As the chart above illustrates, there was a dramatic rise in industrial production starting in March 1933. In fact, the sharp increase in industrial activity was tied to the U.S. government’s abandonment of the gold standard. Why is that relevant? The short answer, as economist Barry Eichengreen explains in Golden Fetters: The Gold Standard and the Great Depression, 1919-1939, is that the gold standard, contrary to popular perception, “was the principal threat to financial stability and economic prosperity between the wars [World Wars I and II].” How so? The gold standard effectively forced tight money on the economy at a time when the opposite was needed.
Eichengreen doesn’t reach that conclusion casually. Indeed, he spends the better part of his 1992 book (along with a number of additional research studies and commentaries in subsequent years) reviewing the evidence in support of his thesis.
Eichengreen is in good company. Milton Friedman and Anna Schwartz offer a similar view in their monumental A Monetary History of the United States, 1867-1960 (or in the condensed version: The Great Contraction, 1929-1933).
Economist Scott Sumner has also written extensively on the causes and consequences of the Great Depression. On his blog from earlier this year he writes:

When FDR took office in early March 1933 we were in the midst of the worst banking panic in American history. Some states had already shutdown their entire banking system and FDR was about to close all of America’s banks. Yes, the contraction ended in March 1933, but only because FDR made it end with the most expansionary monetary policy in American history—which caused both prices and output to rise rapidly in the months immediately after March 1933.

Sumner is no idle observer making outlandish claims. Rather, here is an economist who for years has studied the finer points of what happened in the thirties. Among his more detailed essays on this point in history are those here and here, for instance. Sumner’s basic point: there was a strong case for quantitative easing then, and now.
Okay, but if quantitative easing is so compelling, why did the rebound in industrial production after March 1933 falter later that year? Eichengreen explains in Golden Fetters: “The recovery of American output was not more sustained because the stimulus lent by policy was so limited. While authorizing the Treasury to intervene with purchases of gold on the international market, Roosevelt could not compel the Fed to support his action with extensive purchases of government securities designed to increase the money supply.”
In other words, there wasn’t a sufficiently strong and sustained application of quantitative easing in the second half of 1933 and beyond. Yes, that sounds a lot like what’s happening these days re: the arguments against QE2.
The attacks on QE2 may be misguided, but they’re not surprising. Liquat Ahamed, writing in Lords of Finance: The Bankers Who Broke the World, a popular economic history of the events that created the Great Depression, observes:

Roosevelt’s decision to take the dollar off gold rocked the financial world. Most people could not understand why a country with the largest gold reserves in the world should have to devalue. It seemed so perverse. Indignant bankers lamented the loss of the one anchor that could keep the government honest…

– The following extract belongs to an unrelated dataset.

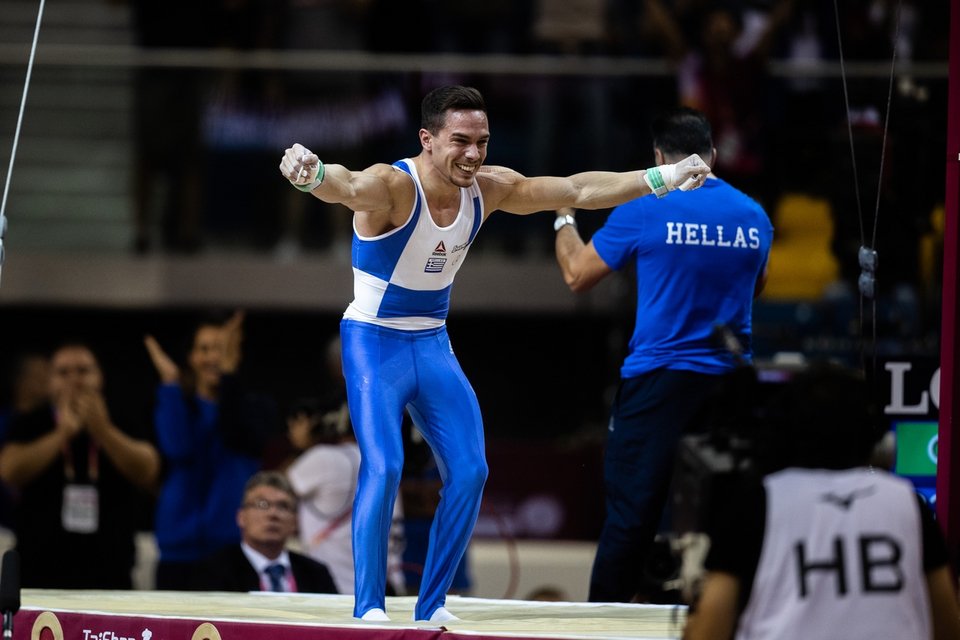 Η απίστευτη προσγείωση Πετρούνια και ο πανηγυρισμός -Φωτογραφία: Angelos Zymaras / AZSPORTSIMAGES / SOOC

But in the days after the Roosevelt decision, as the dollar fell against gold, the stock market soared by 15 percent. Financial markets gave the move an overwhelming vote of confidence. Even the Morgan bankers, historically among the most staunch defenders of the gold standard, could not resist cheering. “Your action in going off gold saved the country from complete collapse,” wrote Russell Leffingwell to the president.

The situation in 2010 is different from 1933, of course. Different, but with parallels. Every economic crisis is different, but history can teach us a few things…if we listen. But the danger of making the same mistakes is always lurking.
Yes, QE2 carries many risks. But we have to deal with the pressing threats as they arrive, and worrying about runaway inflation today is premature, and perhaps more than a little dangerous. The day for fighting that battle will come. But not now.